[Saved data entries]
>>>>>

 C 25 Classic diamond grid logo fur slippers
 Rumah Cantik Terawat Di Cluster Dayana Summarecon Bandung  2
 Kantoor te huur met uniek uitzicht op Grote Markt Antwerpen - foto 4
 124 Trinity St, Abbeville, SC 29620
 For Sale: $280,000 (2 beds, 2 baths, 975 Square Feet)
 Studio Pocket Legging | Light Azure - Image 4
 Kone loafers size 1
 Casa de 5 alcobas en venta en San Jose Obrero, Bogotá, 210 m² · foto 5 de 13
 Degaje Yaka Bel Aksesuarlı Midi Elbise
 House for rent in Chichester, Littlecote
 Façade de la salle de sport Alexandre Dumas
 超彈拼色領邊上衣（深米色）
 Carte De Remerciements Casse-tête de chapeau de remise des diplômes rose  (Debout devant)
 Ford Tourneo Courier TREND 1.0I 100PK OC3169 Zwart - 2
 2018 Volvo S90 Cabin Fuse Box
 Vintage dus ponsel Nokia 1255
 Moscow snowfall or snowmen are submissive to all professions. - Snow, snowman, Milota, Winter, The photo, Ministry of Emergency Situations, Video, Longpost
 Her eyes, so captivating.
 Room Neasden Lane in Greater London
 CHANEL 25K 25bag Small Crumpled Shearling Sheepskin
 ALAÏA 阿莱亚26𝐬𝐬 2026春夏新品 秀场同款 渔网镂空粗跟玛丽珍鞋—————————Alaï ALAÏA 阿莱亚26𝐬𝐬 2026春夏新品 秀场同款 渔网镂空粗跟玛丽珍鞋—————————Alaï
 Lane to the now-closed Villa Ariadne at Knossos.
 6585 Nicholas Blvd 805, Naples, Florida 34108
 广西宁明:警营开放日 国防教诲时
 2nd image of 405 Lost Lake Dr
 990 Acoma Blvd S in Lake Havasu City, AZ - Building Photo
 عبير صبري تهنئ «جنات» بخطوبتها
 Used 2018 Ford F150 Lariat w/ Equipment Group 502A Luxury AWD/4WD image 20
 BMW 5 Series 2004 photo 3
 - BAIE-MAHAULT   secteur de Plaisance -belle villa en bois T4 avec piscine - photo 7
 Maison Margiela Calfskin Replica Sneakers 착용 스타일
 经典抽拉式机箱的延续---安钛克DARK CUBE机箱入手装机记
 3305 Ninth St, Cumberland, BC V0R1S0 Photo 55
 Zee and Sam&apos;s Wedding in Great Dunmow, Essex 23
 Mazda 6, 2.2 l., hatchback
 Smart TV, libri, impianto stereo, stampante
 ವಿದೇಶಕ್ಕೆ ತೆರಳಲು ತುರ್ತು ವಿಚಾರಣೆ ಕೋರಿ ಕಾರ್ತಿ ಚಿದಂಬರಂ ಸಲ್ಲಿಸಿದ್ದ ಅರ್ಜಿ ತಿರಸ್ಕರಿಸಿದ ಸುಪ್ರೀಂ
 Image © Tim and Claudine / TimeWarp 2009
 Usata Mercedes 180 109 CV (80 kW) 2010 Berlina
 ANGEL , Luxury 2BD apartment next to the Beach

<<<<<

Look above for the line containing "2018 Volvo S90 Cabin Fuse Box". Output from there through the line containing "Zee and Sam&apos;s", exactly and inclusively.

Response area |
 2018 Volvo S90 Cabin Fuse Box
 Vintage dus ponsel Nokia 1255
 Moscow snowfall or snowmen are submissive to all professions. - Snow, snowman, Milota, Winter, The photo, Ministry of Emergency Situations, Video, Longpost
 Her eyes, so captivating.
 Room Neasden Lane in Greater London
 CHANEL 25K 25bag Small Crumpled Shearling Sheepskin
 ALAÏA 阿莱亚26𝐬𝐬 2026春夏新品 秀场同款 渔网镂空粗跟玛丽珍鞋—————————Alaï ALAÏA 阿莱亚26𝐬𝐬 2026春夏新品 秀场同款 渔网镂空粗跟玛丽珍鞋—————————Alaï
 Lane to the now-closed Villa Ariadne at Knossos.
 6585 Nicholas Blvd 805, Naples, Florida 34108
 广西宁明:警营开放日 国防教诲时
 2nd image of 405 Lost Lake Dr
 990 Acoma Blvd S in Lake Havasu City, AZ - Building Photo
 عبير صبري تهنئ «جنات» بخطوبتها
 Used 2018 Ford F150 Lariat w/ Equipment Group 502A Luxury AWD/4WD image 20
 BMW 5 Series 2004 photo 3
 - BAIE-MAHAULT   secteur de Plaisance -belle villa en bois T4 avec piscine - photo 7
 Maison Margiela Calfskin Replica Sneakers 착용 스타일
 经典抽拉式机箱的延续---安钛克DARK CUBE机箱入手装机记
 3305 Ninth St, Cumberland, BC V0R1S0 Photo 55
 Zee and Sam&apos;s Wedding in Great Dunmow, Essex 23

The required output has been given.